Le condizioni del Mezzogiorno non giustificherebbero l’adozione della misura, perlomeno se prendiamo a riferimento il dibattito internazionale. Quest’ultimo, in termini più generici, muove da una base comune: le economie avanzate si devono dotare di strumenti di welfare, per tutelare chi resta indietro. Ma nel caso del Mezzogiorno, il problema del “chi resta indietro” non riguarda unicamente singoli individui in difficoltà all’interno di una società benestante (seppur affetta da disuguaglianze), bensì intere Regioni:

  • – 18,2 mila euro di Pil per abitante contro i 34,2 mila del Nord-Ovest;
  • – una quota di redditi da lavoro che derivano da amministrazioni pubbliche che arriva fino a picchi elevatissimi (53,2% in Calabria) e scende – sempre in Calabria – a un misero 6% se ci si sposta sul settore industriale (dati Istat);
  • – quattro regioni (Calabria, Sicilia, Campania, Puglia) tra le sole sei regioni dell’intera Unione europea che nel 2016 hanno fatto registrare un tasso di occupazione (età 20-64) inferiore al 50% (dati Eurostat);
  • – un tasso di disoccupazione giovanile che in alcuni casi (Calabria, Sicilia, Sardegna) sfiora il 60% (SRM-Confindustria);

Allora smettiamola di giocare, perché se bisogna aiutare chi è in condizioni di indigenza, si lavori sul reddito di inclusione già in vigore, che – sostanzialmente e salvo alcune differenze – non è altro che il reddito di cittadinanza proposto dal M5S con un importo molto minore (può arrivare massimo fino a 485 € mensili). Ma che non si illudano ulteriormente le persone, spacciando l’RdC come una misura di politica economica e di crescita, perché non saranno questi gli interventi volti ad impedire il drammatico brain drain che affligge le Regioni meridionali – semmai si ritarderà qualche partenza – né a migliorare il sistema economico del Mezzogiorno.

Cerchiamo di investire le risorse disponibili per fare in modo che un ragazzo meridionale possa studiare in scuole e università degne di questo nome, possa trovare lavoro nella sua terra, possa avere la possibilità reale (e non teorica) di intraprendere una strada imprenditoriale, un’idea. Cerchiamo di capire cosa impedisca la crescita delle aziende o l’afflusso di investimenti produttivi da parte di grandi aziende italiane o multinazionali.

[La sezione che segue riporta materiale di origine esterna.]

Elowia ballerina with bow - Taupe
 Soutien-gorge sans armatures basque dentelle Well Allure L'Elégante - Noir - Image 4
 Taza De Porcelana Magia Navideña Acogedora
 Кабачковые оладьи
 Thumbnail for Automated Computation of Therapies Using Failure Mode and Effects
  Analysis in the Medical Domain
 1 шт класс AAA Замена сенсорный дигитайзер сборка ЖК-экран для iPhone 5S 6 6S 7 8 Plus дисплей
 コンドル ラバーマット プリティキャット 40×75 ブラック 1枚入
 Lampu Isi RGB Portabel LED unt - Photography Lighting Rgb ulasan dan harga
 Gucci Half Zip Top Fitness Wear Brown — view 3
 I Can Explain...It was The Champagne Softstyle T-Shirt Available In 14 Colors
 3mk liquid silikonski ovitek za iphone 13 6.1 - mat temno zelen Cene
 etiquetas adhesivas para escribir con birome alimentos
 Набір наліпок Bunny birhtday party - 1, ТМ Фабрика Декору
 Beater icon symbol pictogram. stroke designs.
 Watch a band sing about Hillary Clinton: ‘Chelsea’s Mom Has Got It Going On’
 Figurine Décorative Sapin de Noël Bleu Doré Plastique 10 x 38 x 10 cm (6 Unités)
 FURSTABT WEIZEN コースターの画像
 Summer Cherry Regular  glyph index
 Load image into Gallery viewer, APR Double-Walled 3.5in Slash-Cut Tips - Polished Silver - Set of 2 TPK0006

E, in ultimo, non pensiamo unicamente alle analisi del voto, che hanno la loro importanza, ma offuscano la visione dei problemi sottostanti all’esercizio del diritto di voto stesso, sottovalutano il vincolo di dover necessariamente scegliere tra un’offerta politica di dubbia qualità, e minano la coesione nazionale, ingigantendo pregiudizi territoriali oltre la dovuta misura.